Today Wikipedia is among the most popular sites on earth and for sure the most known encyclopedia.
As Jimmy Wales – founder of Wikipedia, recounted, in a TED talk, in 2007:
Charles Van Doren, who was later a senior editor of Britannica, said the ideal encyclopaedia should be radical it should stop being safe.
But if you know anything about the history of Britannica since 1962, it was anything but radical.
Still a very completely safe, stodgy type of encyclopaedia.
Wikipedia, on the other hand, begins with a very radical idea, and that’s for all of us to imagine a world in which every single person on the planet is given free access to the sum of all human knowledge.
And that’s what we’re doing.
So Wikipedia it’s a freely licensed encyclopedia. It’s written by thousands of volunteers all over the world in many, many languages.
It’s written using wiki software so anyone can quickly edit and save,
And it goes live on the Internet immediately.
And everything about Wikipedia is managed by virtually an all-volunteer staff.
The Wikimedia Foundation is a non-profit that hosts Wikipedia and other free knowledge projects brought on by the Wikimedia family. The Foundation was established as a nonprofit in 2003.
In 2012, asked how he decided the best way to go, Jimmy Wales said: “Thinking about how do we sustain it? How do we make this work? Putting it into a non-profit (referring to Wikipedia) seemed a reasonable way to go.”
13 projects are part of this family and are divided into five main categories:
- Wikipedia “All the world’s knowledge” is an encyclopedia written in 300 languages.
- Wikibooks or a collection of free e-book resources including textbooks, annotated texts, instructional guides, and manuals.
- Wiktionary is a dictionary for over 170 languages.
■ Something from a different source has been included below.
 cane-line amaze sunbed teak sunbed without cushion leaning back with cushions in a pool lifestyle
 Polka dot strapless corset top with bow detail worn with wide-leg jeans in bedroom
- Wikiquote is an online collection of sourced quotations.
- Wikimedia Commons, is the world’s largest free-to-use library of illustrations, photos, drawings, videos, and music.
- Wikisource, a library of freely-licensed source texts and historical documents.
- Wikiversity, learning resources, learning projects, and research for use in all levels, types, and styles of education.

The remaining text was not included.